The leaders in The Handmaid’s Tale are nominally Christian.
As I said - it’s not so much they’re Christian as Male Supremacist.
I’m going to guess there is at least some people that think Gilad is a wonderful place.
I think most uber conservative Christians might draw the line at finger chopping or public hangings. But that’s not to say there aren’t a lot of things they like about Gilead.
Just my guess.
Based off a long while of interacting with them, I think some Christian fundamentalists might think that “Gilead is going in the right direction, but takes a bad detour.”
They might be onboard with maybe 60% of the overall concept. But they’d think the red dresses and white bonnets are silly (they preferred things like calico, denim, blouses, dresses, etc.). No way would Baptists ever be allowed to be squelched and pushed to the bottom of the societal pole. Most fundies I know didn’t like big beards on men, in fact that sort of look was typically discouraged and clean-shaven was the expectation. And no way would they be onboard with the ritual rape of handmaids while in the lap of the Wives, that’s just adultery. I doubt any would practice flogging of women; they were highly disdainful of men who lifted hands against women. And most fundies do like technology and would want the amenities of modern society. And even then, in many fundamentalist ranks, there is a great deal of “under-the-surface feminism” that was subtle but very much present and noticeable. It took the form of jokes like “the husband may be the head of the wife, but the wife is the neck, and turns it any direction she pleases,” or a not-so-subtle fandom of powerful Disney women. They were big on the chivalry veneer too; men having to pull out chairs for women or let ladies exit the elevator first, etc.
The utopia for evangelical fundies might be something like Mennonites, but with the intensity kicked up 2-3x.
Saying that evangelicals want Gilead is like saying that liberals want Orwell’s 1984. A very few might, but it’s a big stretch.
It should be understood that Atwood was writing an allegorical tale in a world where fertility had dropped precipitously, and the “handmaidens” were a solution that allowed the powerful patriarchy of a fundamentalist leadership to reproduce their ranks even though most of their wives were infertile; in such a case, a religious rationalization was used to justify “adultery” in terms of societal good of utilizing fertile women as baby factories for the powerful elite.
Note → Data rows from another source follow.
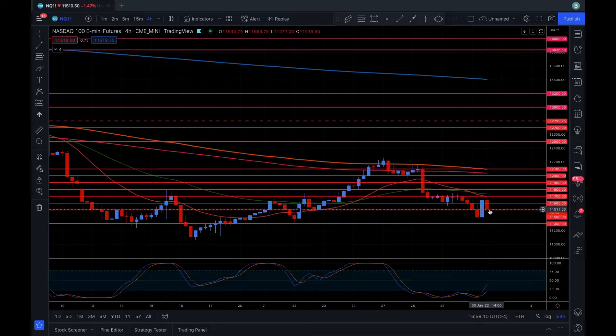If you look at the Stochastic RSI right here on the four-hour chart, this is generally pretty reliable. You can see we crossed over here when we started this push back up, and we kind of held that trend with the Stochastics. So tomorrow will kind of tell what's going to happen.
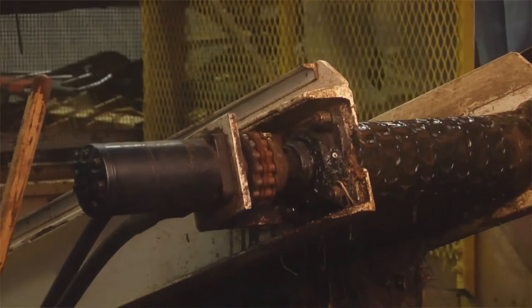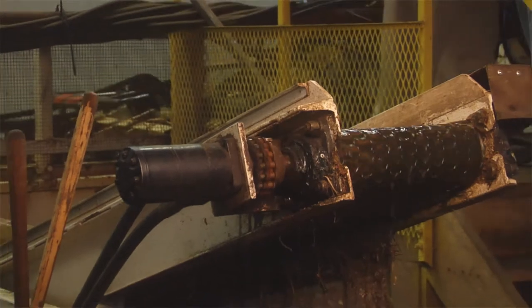Also, take a second to consider what may have changed since the last time you used this machine. Were the guards removed during maintenance and not reinstalled? Have the weather conditions changed? Has the ground become slippery with rain or ice? What could happen to you while working around the machine?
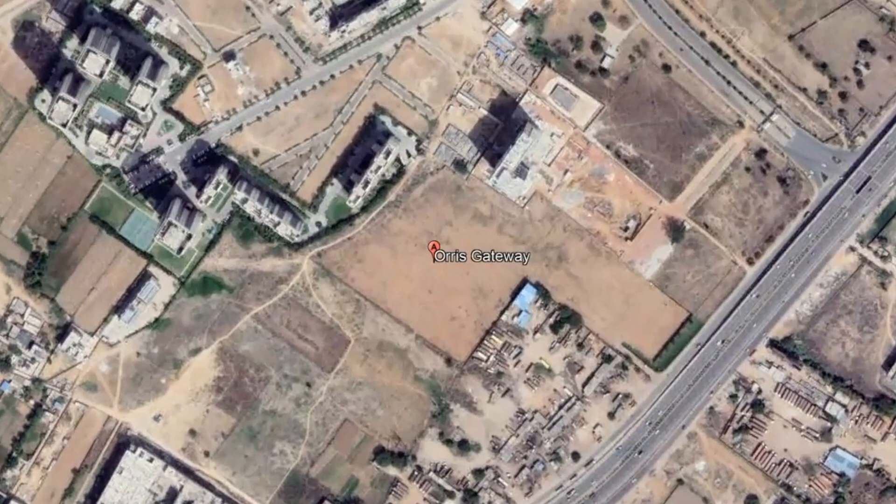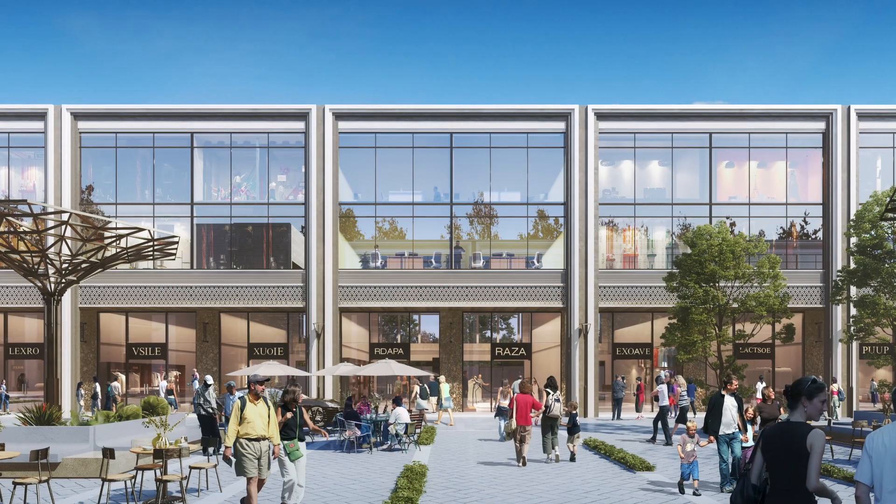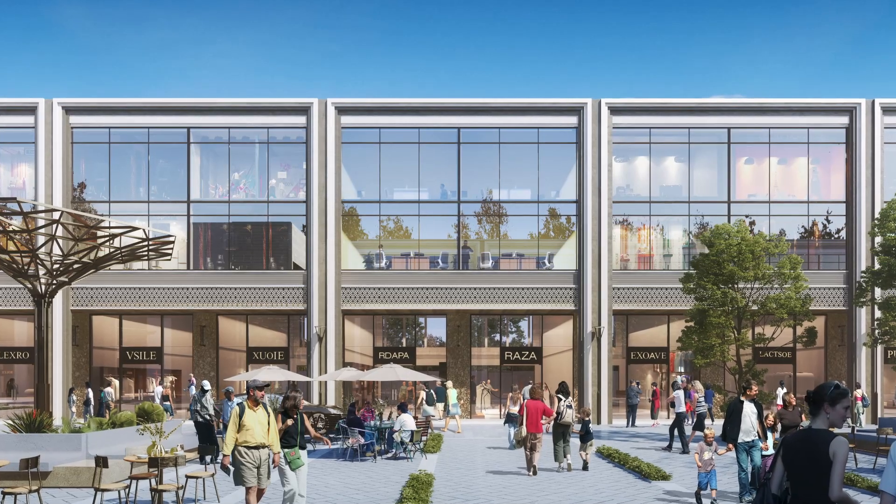AORIS Gateway is an SCO — a commercial colony. It is a commercial colony that has two unit sizes available: 104 and 75 square yards. The area is optimized with an SCO benefit, and you can build all 6 floors — basement, ground, first, second, third, and fourth.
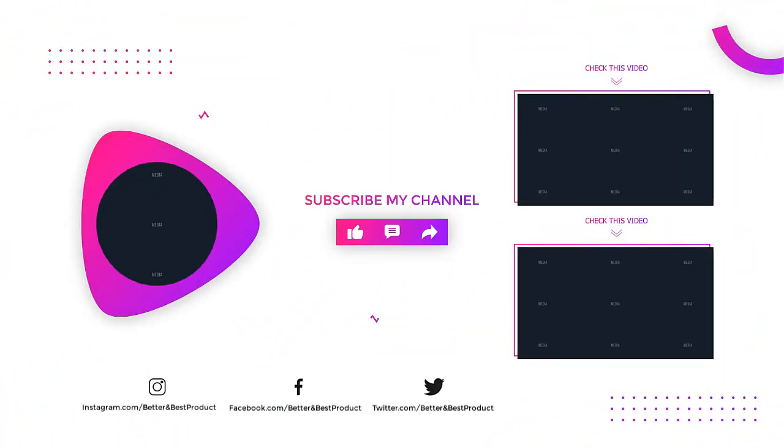Thanks for watching our video. Like, comment, and share with your friends if you find this video helpful. Subscribe to our channel if you want more videos like this.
Atwood was not trying to make some real prediction about how fundamentalist religious belief would overtake the United States, although in retrospect she hit a lot closer to the mark than anyone should be comfortable with.
As for actual religious fundamentalists, they come in many flavors of belief and practice but quite a few of them certainly don’t seem to have much of a problem in engaging in any number of behaviors cautioned or prohibited against in the Christian Bible, nor shame in any part of such transgressions except for getting caught. And I’ve certainly known many fundamentalists who, while they might not promote some of the specific stylistic developments in the novel (and I assume the show, which I have not seen), would be perfectly happy if the United States became a repressive theocracy forcing their religious beliefs and practices on everyone else and punishing people who disagree with them.
Right. What I like to say is that many evangelicals want a “soft” theocracy. They may not even be aware of it, but that’s what they want. When they complain that evolution is being taught instead of young-earth creationism, that abortion is legal, gay marriage is recognized, and that all of this goes against God’s will, they’re essentially bemoaning the lack of a soft theocracy.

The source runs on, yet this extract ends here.